» WORK INSTRUCTIONS
Print exactly the lines below between the line containing "Table pour ordinateur" and the line containing "Cute Yellow tiger", counting both of those lines. Leave pictures out.

[ENTRIES PROVIDED — start]

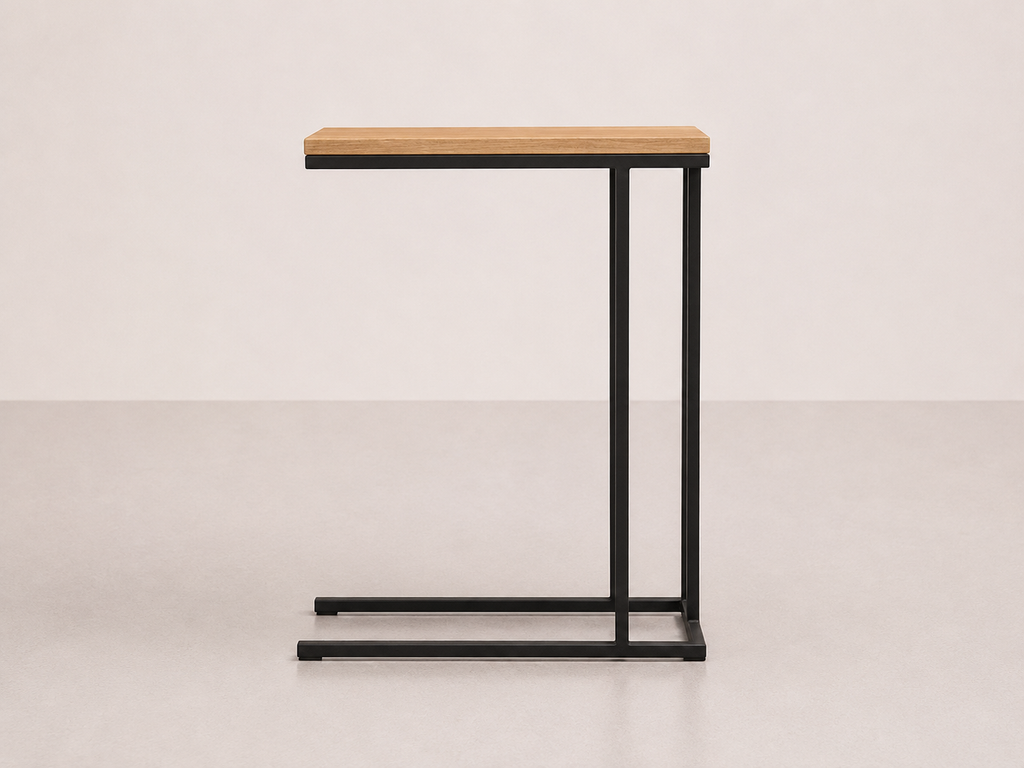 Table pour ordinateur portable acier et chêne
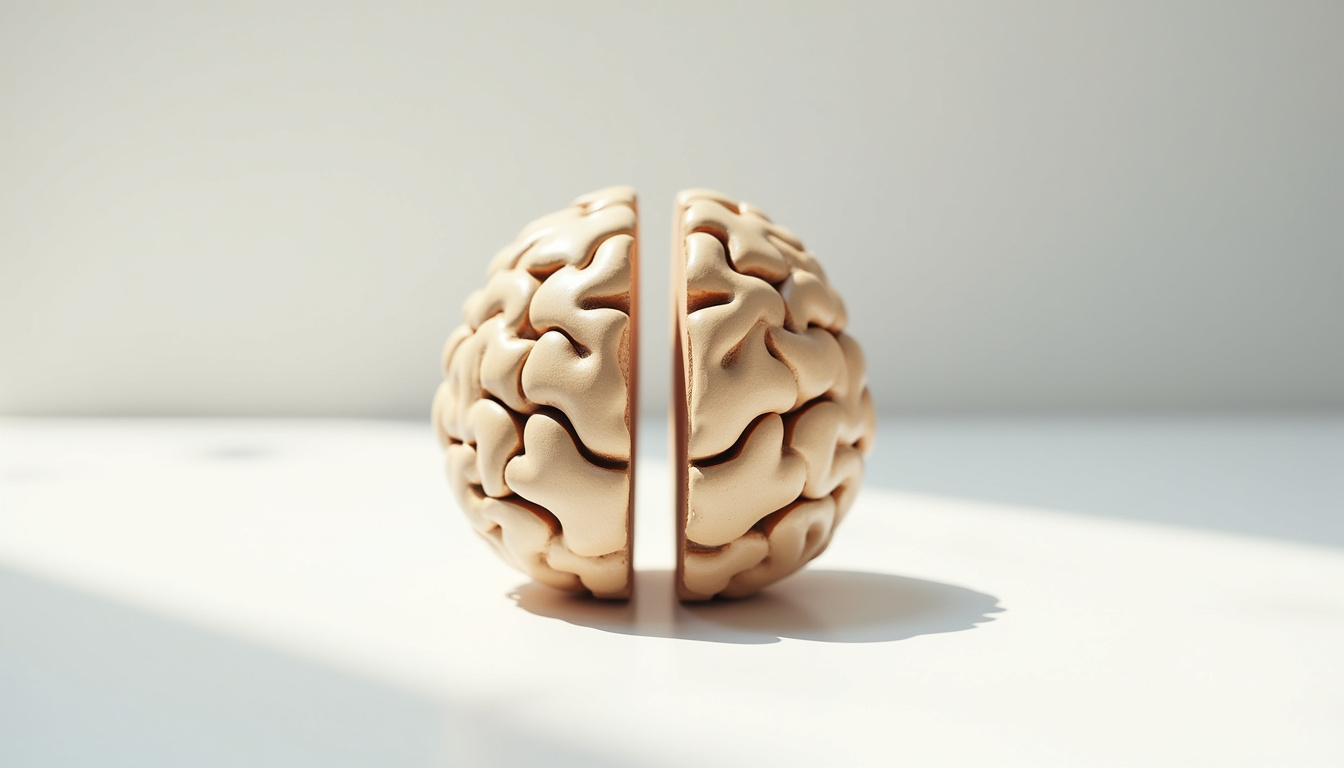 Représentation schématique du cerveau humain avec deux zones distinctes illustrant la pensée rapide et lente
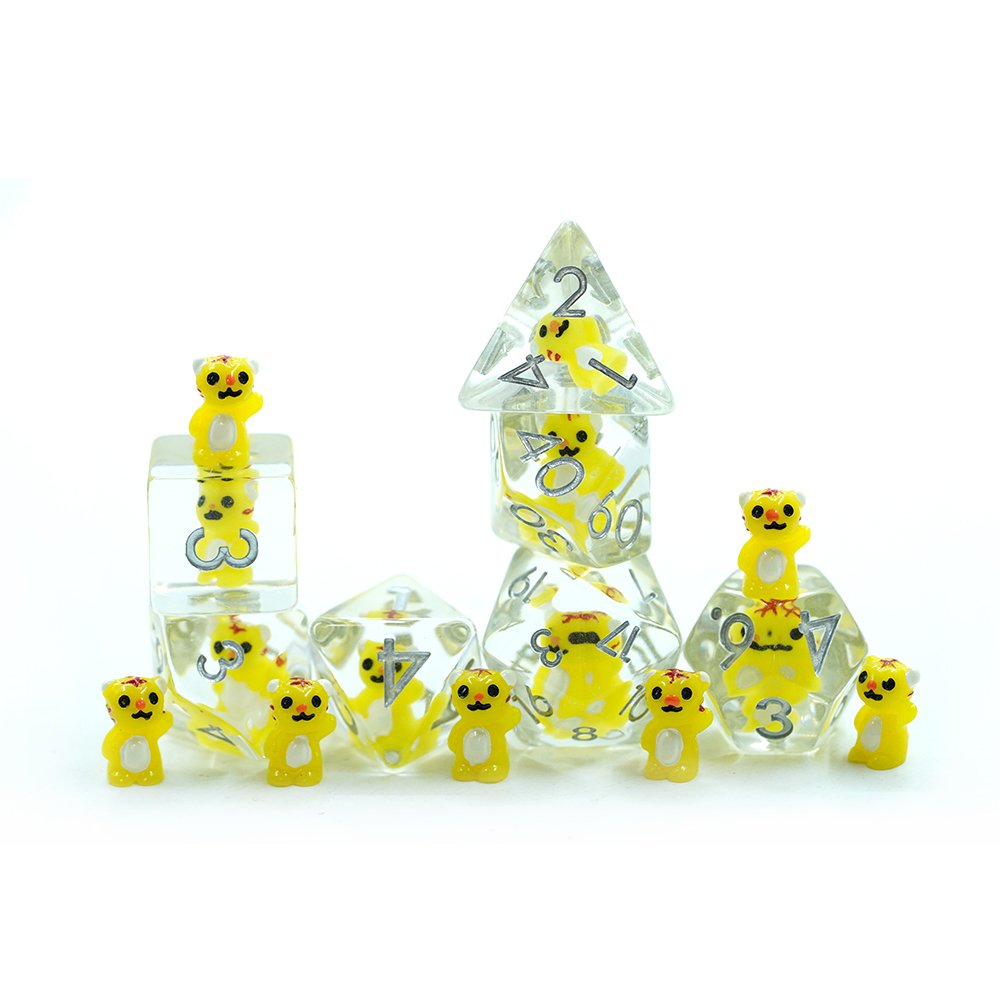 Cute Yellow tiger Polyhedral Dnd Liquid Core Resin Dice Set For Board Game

[ENTRIES PROVIDED — finish]
[ENTRIES PROVIDED — start]

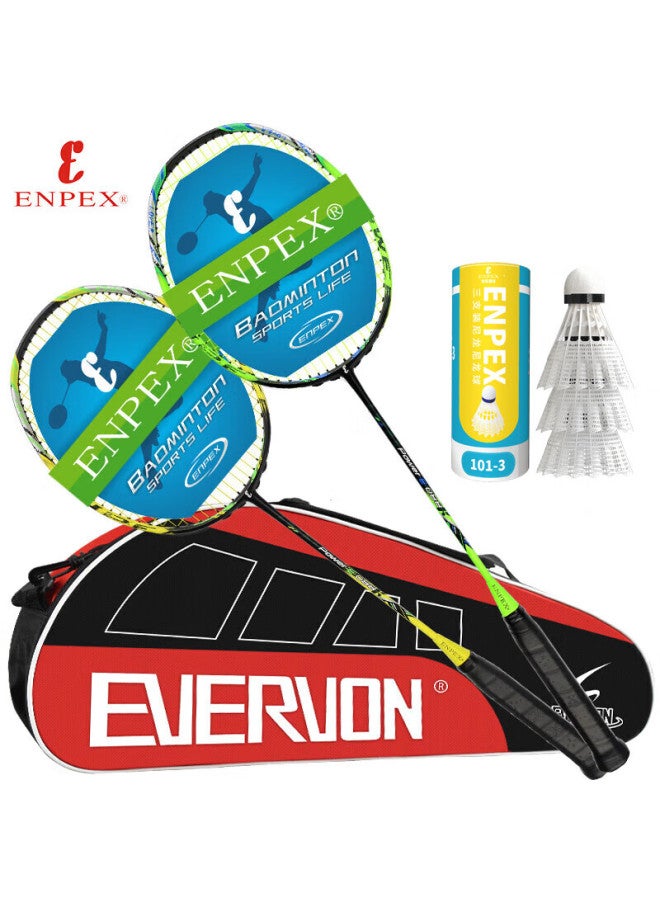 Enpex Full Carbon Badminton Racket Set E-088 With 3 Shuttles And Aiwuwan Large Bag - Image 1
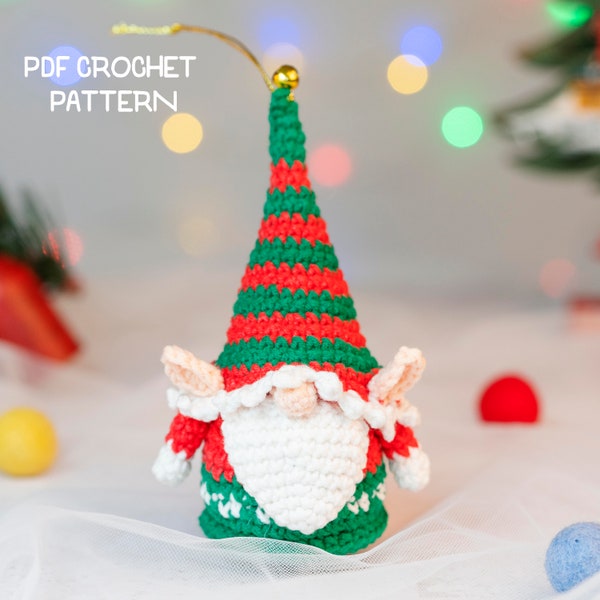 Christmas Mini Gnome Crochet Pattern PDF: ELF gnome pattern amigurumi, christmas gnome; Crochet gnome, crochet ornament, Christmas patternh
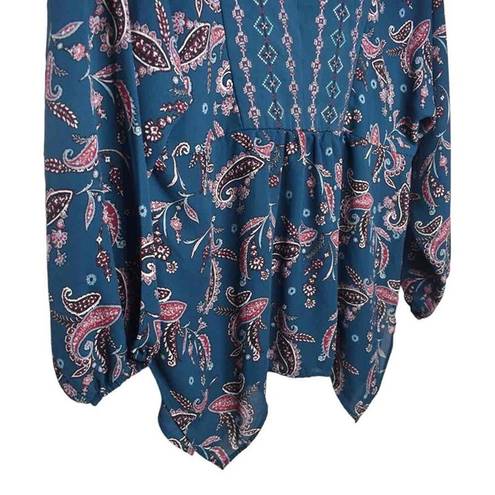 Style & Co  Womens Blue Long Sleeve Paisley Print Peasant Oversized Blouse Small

[ENTRIES PROVIDED — finish]

» FINAL ANSWER
 Table pour ordinateur portable acier et chêne
 Représentation schématique du cerveau humain avec deux zones distinctes illustrant la pensée rapide et lente
 Cute Yellow tiger Polyhedral Dnd Liquid Core Resin Dice Set For Board Game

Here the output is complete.